# {Q} Is there sim unlock for Verizon galaxy nexus?



## Terl (Jun 15, 2012)

Just wondering?


----------



## TheNeighbor (Nov 4, 2011)

No

Sent from my Galaxy Nexus using Tapatalk 2


----------



## zookii (Jun 24, 2011)

You can get the sim pin and PUK code from vzw.com but that's about it.


----------



## recall (Jul 16, 2012)

Hi if you want to unlock your samsung galaxy nexus from verizon network then visit Superunlockcodes.com here they ask you the imei number of your mobile .Then at last they delvier you code to remove the sim lock in your mobile.


----------



## milan616 (Jun 21, 2011)

I'm kind of curious where you would take it. There isn't GSM hardware in the phone to go abroad with, Sprint wouldn't activate it (and doesn't use the SIM slot anyway).
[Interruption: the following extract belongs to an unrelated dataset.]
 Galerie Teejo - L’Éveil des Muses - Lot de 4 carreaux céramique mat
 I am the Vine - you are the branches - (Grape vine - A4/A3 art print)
Just curious, not attacking!


----------



## mikeymop (Jun 28, 2011)

I dont think there's world radios, so until LTE is as widely adopted as 3g it wouldn't be worthwhile.


----------



## Force (Apr 3, 2012)

Different LTE networks use different frequencies anyways, so even with wide LTE adoption, you still won't be able to use it on many other networks at home or abroad.


----------